Datasets

Pypes already includes sets of workflows to against specific datasets (listed in the sub-sections below).

For preparation you have to:

  • download the raw dataset or,
  • organize your data in the same way explained below, and
  • setup the pipeline parameters.

COBRE

The COBRE dataset consists of raw anatomical and functional MR data from 72 patients with Schizophrenia and 75 healthy controls.

Once you download it, you will find a file structure tree as this: {base_dir}/cobre/{subject_id}/session_1/{modality}/{image}.

Run a T1-weighted and resting-state fMRI pre-processing for this database with: neuro_pypes.datasets.cobre_crumb_workflow.

How to use it

import os.path as path

from hansel import Crumb
from neuro_pypes.datasets import cobre_crumb_workflow
from neuro_pypes.run import run_debug

# we downloaded the database in:
base_dir = '/home/pyper/data/cobre/raw'
cobre_tree = path.join('{subject_id}', 'session_1', '{modality}', '{image}')

# we define the database tree
cobre_crumb = Crumb(path.join(base_dir, cobre_tree), ignore_list=['.*'])

# output and working dir
output_dir = path.join(path.dirname(base_dir), 'out')
cache_dir  = path.join(path.dirname(base_dir), 'wd')

# we have a configuration file in:
config_file = path.join(path.dirname(base_dir), 'pypes_config.yml')

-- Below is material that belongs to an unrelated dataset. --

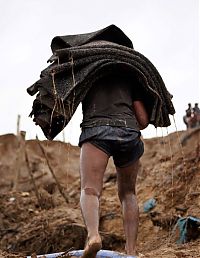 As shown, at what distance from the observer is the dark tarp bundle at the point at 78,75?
3.45 metres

# we choose what pipeline set we want to run.
# the choices are: 'spm_anat_preproc', 'spm_rest_preproc'
wf_name = 'spm_rest_preproc' # for MPRAGE and rs-fMRI preprocessing

# instantiate the workflow
wf = cobre_crumb_workflow(wf_name     = wf_name,
                          data_crumb  = cobre_crumb,
                          cache_dir   = cache_dir,
                          output_dir  = output_dir,
                          config_file = config_file,
                         )

# run it
run_debug(wf, plugin='MultiProc', n_cpus=4)

My clinical dataset

Sadly, this is not public available.

The dataset we are working in our department has a very similar folder structure as COBRE: {base_dir}/{subject_id}/{session_id}/{image}. If you organize your data in the same way, you can directly use the function neuro_pypes.datasets.clinical_crumb_workflow. Have a look at the _clinical_wf_setup function to see all the sets of pipelines you can pick.

import os.path as path

from hansel import Crumb
from neuro_pypes.datasets import clinical_crumb_workflow
from neuro_pypes.run import run_debug

# we downloaded the database in:
base_dir = '/home/pyper/data/nuk/raw'
data_tree = path.join('{subject_id}', '{session_id}', '{image}')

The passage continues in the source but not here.